8. Organise for Flexibility

AS SUPPLIERS AND CUSTOMERS REORGANISE for efficiency, companies can get caught being unable to compete if they can't match customers' ways of operating. Take for example a supplier of foods whose operating divisions -- frozen food, refrigerated food, dry goods -- each had its own order, delivery and billing systems. Then one day, a retailer says its other suppliers are offering fewer deliveries that include a wider range of products, combined ordering and a consolidated bill. To accommodate those demands, the supplier must change dramatically. "Those who can't integrate and simplify to develop customer interfaces are going to get clobbered," Deloitte's Buran predicts.

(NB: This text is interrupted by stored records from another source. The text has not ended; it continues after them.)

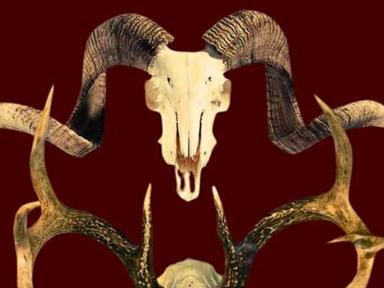 A Lie of the Mind follows two families, brought together by the marriage of Jake and Beth, and the resulting disconnect ...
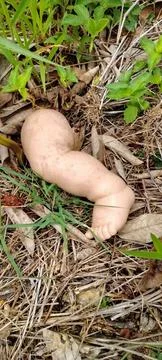 Broken doll's leg dumped like garbage Stock Photos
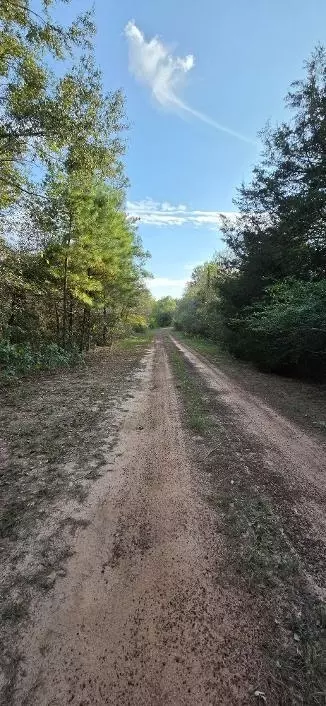 00 Eagle Dr, Waller, TX 77445 photo 5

9. Create a Sharing Culture

IF YOUR SENIOR MANAGEMENT is full of people who probably failed sandbox, don't try supply chain management without giving them a refresher course in sharing. Take the case of a large computer distributor whose leaders did not want to share any data or engage in collaborative planning. "They were scared the vendors would learn too much about their customer and demand patterns, and [that they would] get disintermediated," recalls Steven Gold, a partner in KPMG's supply chain strategy practice in Chicago.

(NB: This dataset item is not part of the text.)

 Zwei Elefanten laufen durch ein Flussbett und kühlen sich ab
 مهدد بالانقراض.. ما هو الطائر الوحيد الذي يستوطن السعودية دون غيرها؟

A newly arrived CEO had a vision of sharing more real-time information via an Internet-based tool with his trading partners, "but others in the organisation resisted this new technology in a big way due to its organisational and redesign requirements. So the CEO contracted directly with the vendors [of collaborative supply chain software].

It was pretty brutal for some time; he got zero cooperation from his direct reports, and we were in the middle." By the time the mess was cleaned up, several of the resistant senior executives had been excused, the CEO was let go by the board, and the vendor was left hanging. "It was the right solution, but internal resistance to sharing information put the whole project [in jeopardy]," Gold says.

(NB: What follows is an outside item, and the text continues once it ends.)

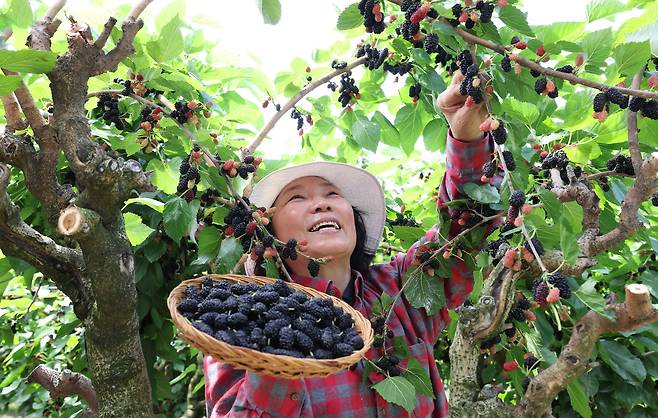 지난 12일 경남 함양군 병곡면의 농장에서 제철을 맞은 뽕나무 열매인 ‘오디' 수확이 한창이다. 제철음식에 열광하는 MZ세대는 귀한 제철 음식을 풍족하게 누리는 이들을 '금수저보다 부러운 제철음식수저'로 부르기도 한다. /함양군 제공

10. Think Global, Start Local

A SUPPLY CHAIN IS A COMPLEX SYSTEM, and tinkering with it on a global scale could yield unpredictable results. Vic Leo, manager of organisational learning Ford Motor in Dearborn, Michigan, has found a way to reduce this risk by launching a series of pilot supply chain projects, while resisting executives' demands for speedy global rollouts. "Putting your ideas and principles into action is critical for learning," Leo says.

In order to do that, he runs projects according to the methodology of organisational learning, using small meetings to tease out what managers in various parts of Ford's supply chain really think about how the system in question works, and then putting those managers' assumptions and process flows into a simulation model.

For nearly 30 years, Leo says, managers have been tinkering at the edges of material release systems -- the mechanism to trigger orders and delivery throughout the chain. "At some point, the systems get totally beyond the grasp of any individual or team; the simulation world allows you to think big again," he says.

The simulation began using one Ford plant in Wixom, Michigan. Though the pilot was very successful in improving supply chain management, Leo has had senior Ford executives pounding the table in front of him, demanding to know why he can't work his learning organisation magic on a fast, global scale. But he resists. "Gambling [on a companywide rollout] in this day and age is going to be a disaster for companies."

Savings galore?

Inventory being held across the retail supply chain at any one time amounts to $US1 trillion, according to a report by Benchmarking Partners, based on US Department of Commerce data. The Massachusetts-based consulting firm estimates 15 per cent to 20 per cent of those inventories ($US150 billion to $US200 billion worldwide; $US40 billion to $US50 billion in the US) could be eliminated through improved planning, forecasting and replenishment.